The mayor of Somerville, Massachusetts, is leading a charge to boycott Sam Adams — a native Boston brewery named after one our nation's Founding Fathers — after the owner, Jim Koch, had the temerity to praise President Donald Trump for his corporate tax cuts.
The Boston Business Journal reports that Koch dined with Trump — and 12 other major American executives, including the CEOs of FedEx, Johnson & Johnson, and the virulently Democratic outgoing CEO of PepsiCo — at Trump's New Jersey golf club last week.
As part of his prepared remarks, Koch noted that Trump's tax cuts have empowered small business owners and evened the playing field for American corporations, and particularly breweries, seeking to compete on a global level.
“Now we have a level playing field, and we’re going to kick their ass,” Koch said.
That was simply too much for Somerville Mayor Joe Curtatone, who took to Twitter to vow revenge against the suddenly-more-profitable Boston brewery.
I will never drink Sam Adam's beer again! https://t.co/UCywb9I7xE— Joseph A. Curtatone (@JoeCurtatone) August 12, 2018
The response was tepid, so Curatone amped up his rhetoric on a second try, calling Trump — and by extension, Jim Koch — "profiteers" of a "white nationalist agenda."
We need to hold these complicit profiteers of Trump's white nationalist agenda accountable ! https://t.co/UCywb9I7xE— Joseph A. Curtatone (@JoeCurtatone) August 12, 2018
And then, still receiving nothing but mild criticism, Curatone went for the jugular.
Hey Jim Koch!
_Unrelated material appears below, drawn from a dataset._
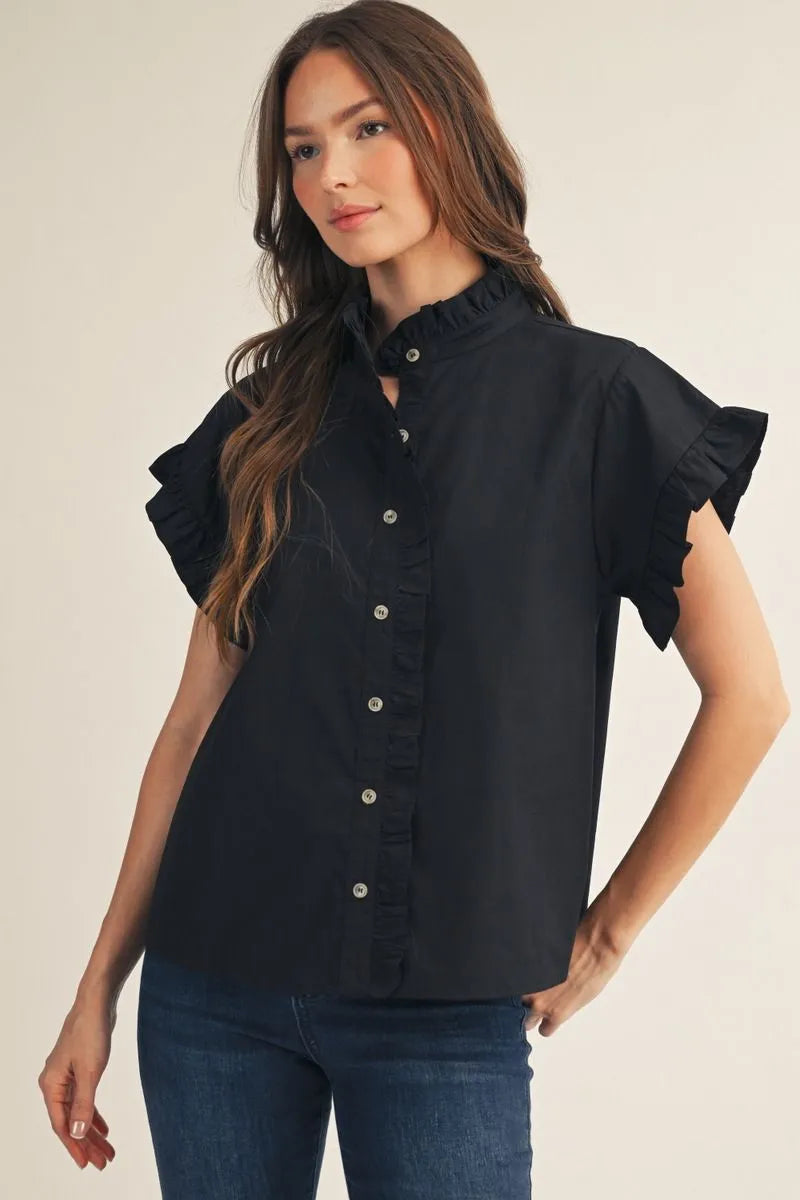 Ruffle Detail Black Top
While you were thanking Trump for your tax break, did you happen to express any concern for the families separated under his cruel and inhumane immigration enforcement policy? @SamuelAdamsBeer https://t.co/UCywb9I7xE— Joseph A. Curtatone (@JoeCurtatone) August 12, 2018
The boycott does not appear to have taken off, though boycotts do seem to be the order of the day. Leftists, unable to effectively counter Trump's agenda, have called for boycotts on everything from Nordstrom clothing to Texas Mexican restaurants. So far few boycotts, if any, have succeeded.